An effective way to detect a Budget’s underlying message is by tracking moments during the Finance Minister’s (FM) speech when the Opposition’s murmur becomes an incessant wail. Today was no different.
In the end, the present government’s last Budget before Elections was what many had expected. But also, what many hadn’t.
Firstly, let us assess what came in-line. This wasn’t a Vote-on-Account; but a chronicle of achievements, a roadmap for the future envisaging the return of NDA, garnished with expected pre-poll Populism. Farmers were kept in mind second year running. Not through any structural measures (like MSP which, let’s face it, did not reap any brownie points for the government)…but rather a straightforward INR6,000 annual cash sop hitting bank accounts of all with less than 2 Hectares of land. Considering the first installment of INR2,000 may hit this financial year, the General Elections is clearly a factor.
Benefits around Fertilizers, Animal Husbandry, and Fisheries were again more “direct” in nature, in the form of higher subsidy allocations and a 2%-5% interest rate subvention for distressed Farmers. Contrast this to the ambitious broader vision which was sold twelve months back whose only remnant was a new Fisheries Department.

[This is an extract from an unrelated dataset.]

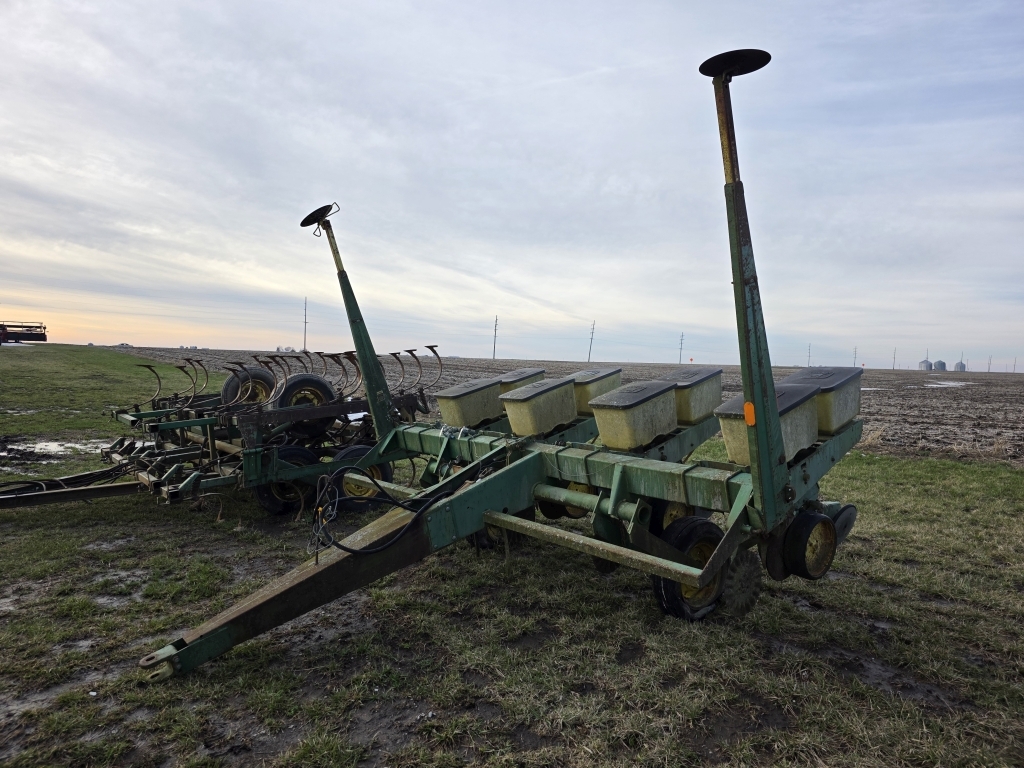 John Deere 7000 4R Planter (A66408)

Commentators were on-the-money (including yours truly) in expecting the return of the Middle Class. The FM confirmed market rumours around a new threshold for tax-free income i.e. INR5L annually. Higher deductions around specified investments, benefits for Home-owners and Tenants, as well as TDS rationalizations only reinforced the Middle Class narrative.
Private Sector like last year, was forgotten again, barring minor respite for the Unorganized Sector in the form of a New Social Security Cover. Considering only INR500cr could be allocated for this year, that Scheme will for the moment operate in pilot mode. Whilst one cannot approve an almost continuous ignore of industrial reforms, at this stage in any case it would have been a case of too little and too late.
So what eluded expectations?
One can say that the government opted for sops but stopped short of defying logic, at least from a realpolitik standpoint. Fiscal Deficit breach stopped at 3.4% (vs. the initial target of 3.3%) and below the 3.5% market expectation for FY18-19. Aside from the INR20,000cr allocation for the Farmer cash inflow scheme, the remainder was a rather solemn affair. Loan write-offs and soft credit was thankfully avoided. Yes, SC/ST Welfare each received a near 30% plus envisaged increase in allocation, but for FY19-20, not the immediate present. One may term it as political grandstanding, but still not an offence worthy enough to express much fuss.